RAFTERS ROUND OR RAFTERS RECTANGULAR?
You can, if you wish, ignore tradition and economy and push the building project to a speedier conclusion by using milled lumber for rafters. The only place this lapse in tradition will show is along the undersides of the eaves—which can be boxed in to hide your sin. But Peter, old-fashioned fellow that he is, prefers the traditional method of cutting 5"-diameter (or thereabouts) poles for rafters.

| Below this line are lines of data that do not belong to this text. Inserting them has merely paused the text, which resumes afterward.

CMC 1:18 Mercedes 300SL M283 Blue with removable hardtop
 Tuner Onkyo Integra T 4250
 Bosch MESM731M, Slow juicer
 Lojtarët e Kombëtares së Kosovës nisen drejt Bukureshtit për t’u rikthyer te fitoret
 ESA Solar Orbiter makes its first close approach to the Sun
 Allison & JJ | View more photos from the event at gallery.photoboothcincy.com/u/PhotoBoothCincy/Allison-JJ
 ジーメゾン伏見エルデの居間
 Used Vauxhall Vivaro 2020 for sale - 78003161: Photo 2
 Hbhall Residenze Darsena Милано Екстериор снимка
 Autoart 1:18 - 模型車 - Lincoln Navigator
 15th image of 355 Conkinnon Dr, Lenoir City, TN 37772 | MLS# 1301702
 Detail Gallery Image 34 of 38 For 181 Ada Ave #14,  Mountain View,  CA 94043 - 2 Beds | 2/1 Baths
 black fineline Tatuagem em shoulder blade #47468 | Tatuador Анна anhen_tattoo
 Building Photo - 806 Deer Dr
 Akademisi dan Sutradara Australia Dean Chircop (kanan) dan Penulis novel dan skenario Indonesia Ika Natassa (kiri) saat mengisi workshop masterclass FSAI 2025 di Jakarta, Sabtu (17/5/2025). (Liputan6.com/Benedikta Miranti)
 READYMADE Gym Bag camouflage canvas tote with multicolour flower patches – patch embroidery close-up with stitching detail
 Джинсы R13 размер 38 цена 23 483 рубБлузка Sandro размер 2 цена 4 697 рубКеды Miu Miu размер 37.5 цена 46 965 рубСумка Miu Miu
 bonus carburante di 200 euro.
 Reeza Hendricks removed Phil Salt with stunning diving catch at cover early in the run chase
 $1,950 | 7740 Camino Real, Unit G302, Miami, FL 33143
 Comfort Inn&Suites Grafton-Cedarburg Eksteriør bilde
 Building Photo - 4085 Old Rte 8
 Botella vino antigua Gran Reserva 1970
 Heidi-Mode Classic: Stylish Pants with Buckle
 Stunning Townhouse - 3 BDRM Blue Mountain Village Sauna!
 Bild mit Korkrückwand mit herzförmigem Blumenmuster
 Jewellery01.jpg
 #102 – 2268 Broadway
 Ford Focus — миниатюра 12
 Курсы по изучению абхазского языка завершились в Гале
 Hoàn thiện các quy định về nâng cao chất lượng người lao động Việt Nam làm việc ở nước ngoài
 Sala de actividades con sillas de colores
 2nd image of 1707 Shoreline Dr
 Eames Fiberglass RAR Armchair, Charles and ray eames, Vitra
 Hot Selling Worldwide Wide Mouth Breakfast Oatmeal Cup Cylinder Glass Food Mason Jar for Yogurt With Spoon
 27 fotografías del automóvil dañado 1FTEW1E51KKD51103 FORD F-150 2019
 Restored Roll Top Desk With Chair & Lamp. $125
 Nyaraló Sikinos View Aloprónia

He works two poles at a time, milling or hewing their tops flat. After sawing the poles to length, he cuts lap-notches in the tip ends of the pair (the diameter of one pole determines the depth of the notch for the other, and vice versa), fits the joint together, and bores a 3/4"diameter hole through the center of the lap. When the rafters are erected on the roof, he pegs each matched pair together with a handcarved hardwood dowel driven through the hole in the lap-splice. Countersunk 1/2"-diameter bolts can be used in place of wooden pins if you prefer.
WHERE RAFTERS MEET PLATES
Another advantage of a 45° roof pitch is that it takes a lot of the mystery out of joining rafters to plates. The simplest joint is made by cutting a 90° triangular notch in the underside of each rafter so that the resulting inverted V fits over the outer corner of the plate. The joint is made fast by driving a spike through the rafter and into the plate log.
Peter uses a more complex "locking" joint, in which the bottom of each rafter receives a rectangular notch with its lower edge extended in an arc. In position on the roof, the upper corner of the notch in the rafter's underside forms a (male) V that points straight down and fits into a matching (female) notch in the plate.
The plate notch for this locking joint is trickier yet. First, two parallel chalk lines are snapped along the plate's top as a means of aligning the rafter notches. A V notch is then cut between the two chalk lines, so that the male V (the top corner of the notch in the underside of the rafter) fits into the female V in the top of the plate log. The outside edge of the plate notch (from the outer chalk line out) is beveled at 45° to match the slope of the rafter. As with the single-notch system, the rafters are spiked to the plates with large nails driven through the joints.